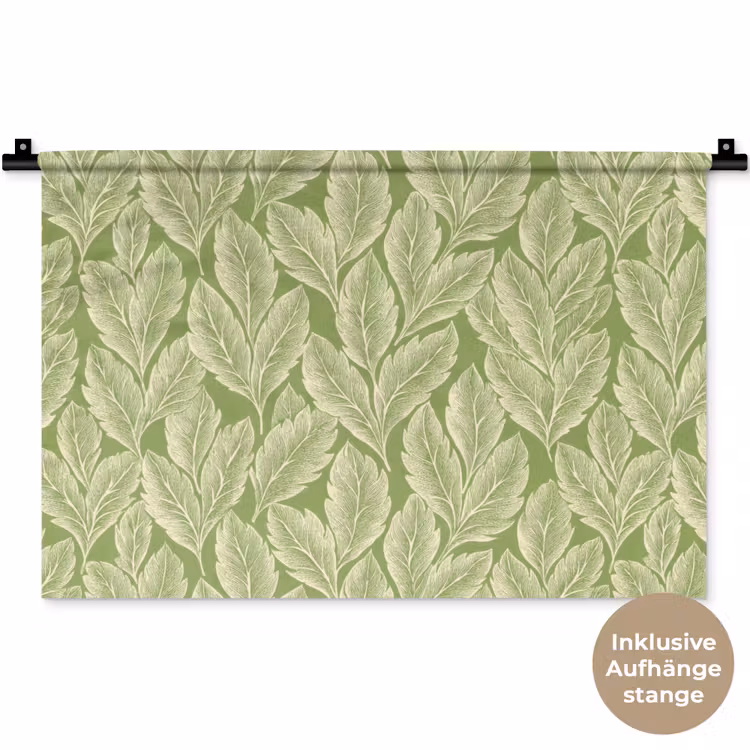 Wandteppich - Grün – Botanisch – Blätter – Vintage – Muster — 9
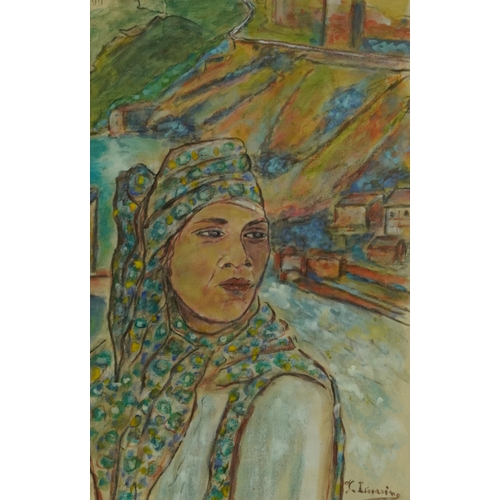 2349 - Top half portrait before a continental village, Spanish school watercolour, mounted, framed and glaz... 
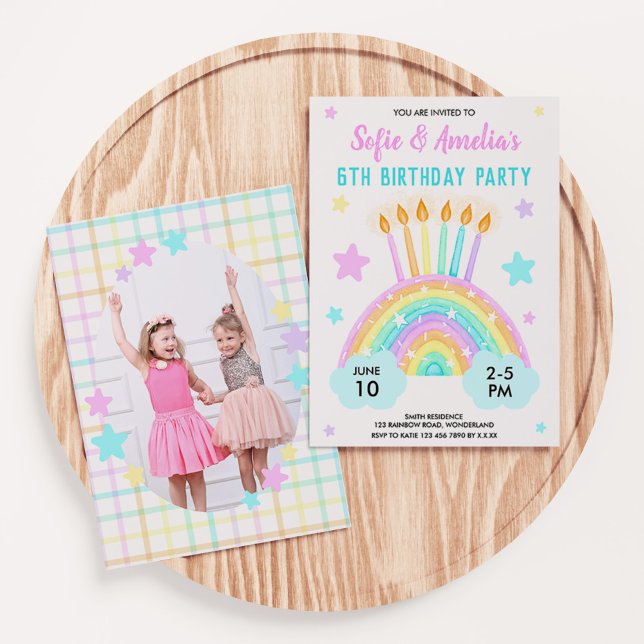 Girl's Joint Birthday Rainbow Theme With Photo Invitation (Girl's Joint Birthday Rainbow Theme With Photo Invitation)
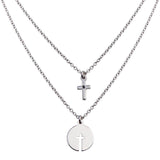 Sterling Silver Rhodium Plated Multi Chain Cross and Cross Cutout Pendant Necklace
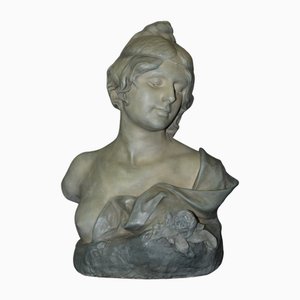 Bust of Young Woman in Ceramic with Blue-Green Patina by Léopold Bernard Bernstamm for Emile Muller, 1890s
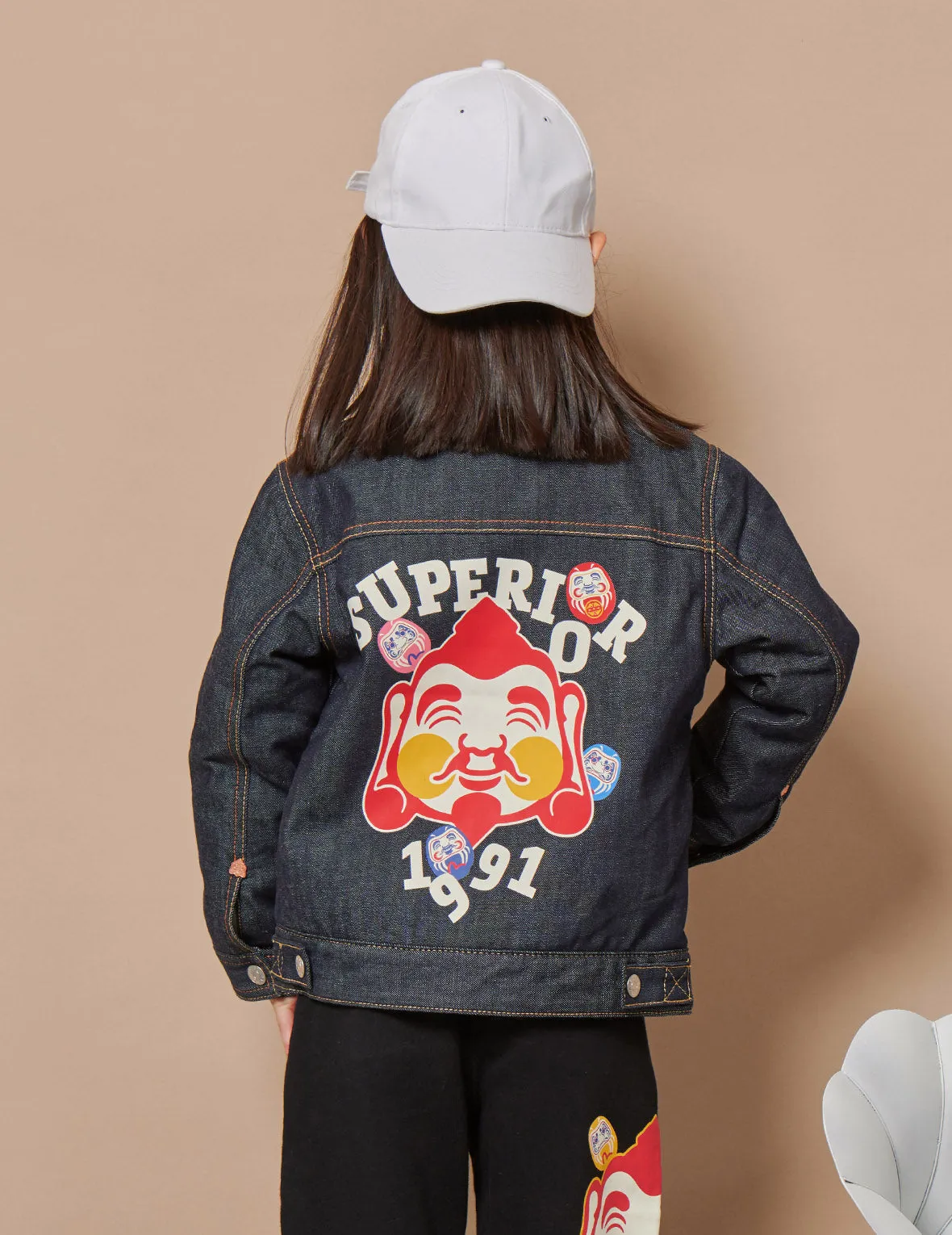 Godhead Print Fleece Lined Denim Jacket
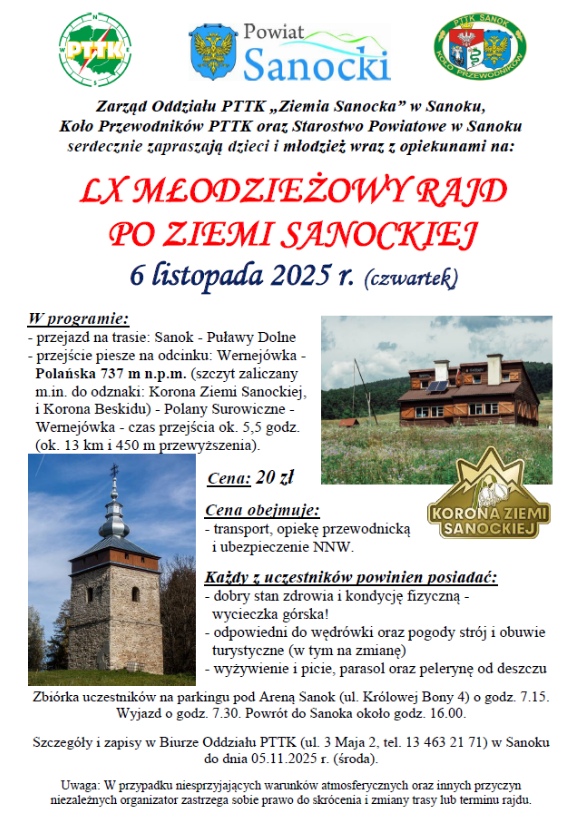 Plakat z informacjami o rajdzie.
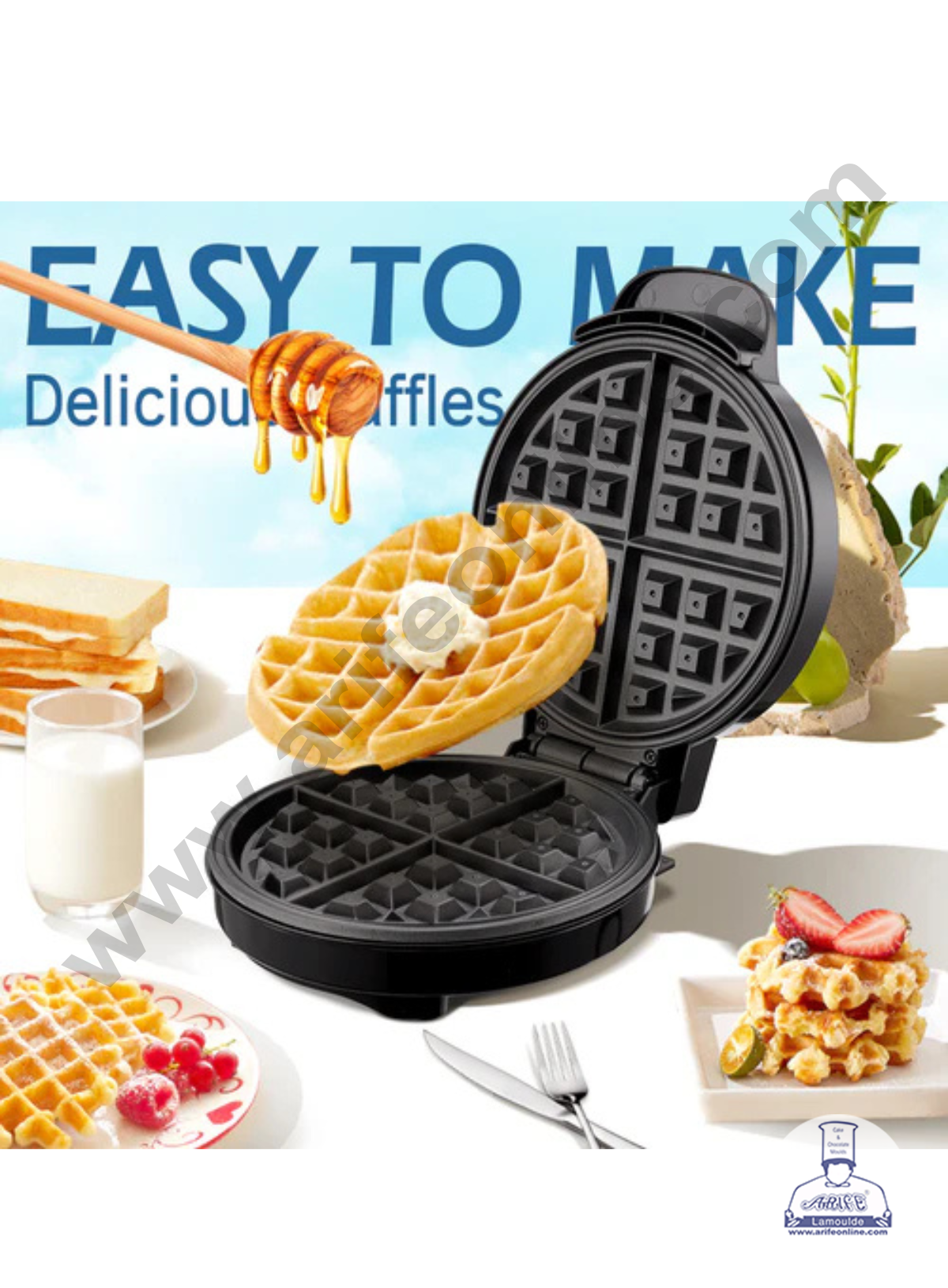 Jamaky Round shape 1500W Waffle Maker Non-Stick Waffle Iron - Model: JMK2007 A (SB-JM-JMK2007 A)  (MOQ 10 PCS)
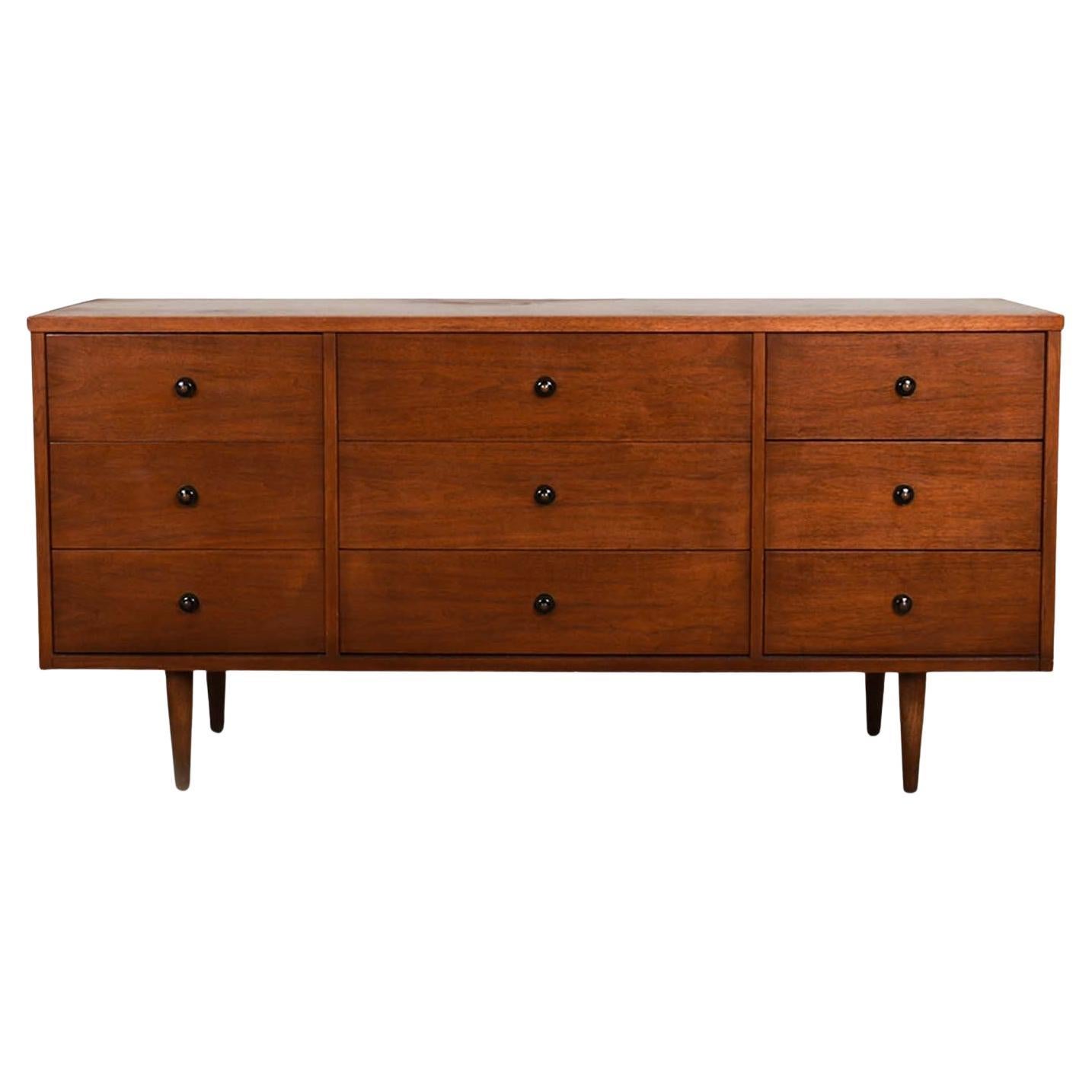 Commode moderne à neuf tiroirs du milieu du siècle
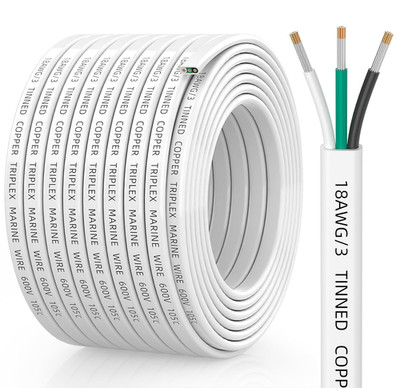 18 Gauge Marine Wire, 18/3 Triplex Marine Grade Cable, IP68 Waterproof/Oxygen-Fr
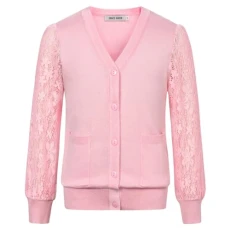 Girls' Short Thin Knit Top Summer Light V-Neck Cardigan with Tulle Sleeves Light Pink 8 Years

■ ■ ■ ■ ■ ■ ■

→ **Exercise brief**
Output exactly the span of lines from the top of the listing through the line holding "Commode moderne à", and leave every picture out.

→ **Exercise output**
 Wandteppich - Grün – Botanisch – Blätter – Vintage – Muster — 9
 2349 - Top half portrait before a continental village, Spanish school watercolour, mounted, framed and glaz... 
 Girl's Joint Birthday Rainbow Theme With Photo Invitation (Girl's Joint Birthday Rainbow Theme With Photo Invitation)
 Sterling Silver Rhodium Plated Multi Chain Cross and Cross Cutout Pendant Necklace
 Bust of Young Woman in Ceramic with Blue-Green Patina by Léopold Bernard Bernstamm for Emile Muller, 1890s
 Godhead Print Fleece Lined Denim Jacket
 Plakat z informacjami o rajdzie.
 Jamaky Round shape 1500W Waffle Maker Non-Stick Waffle Iron - Model: JMK2007 A (SB-JM-JMK2007 A)  (MOQ 10 PCS)
 Commode moderne à neuf tiroirs du milieu du siècle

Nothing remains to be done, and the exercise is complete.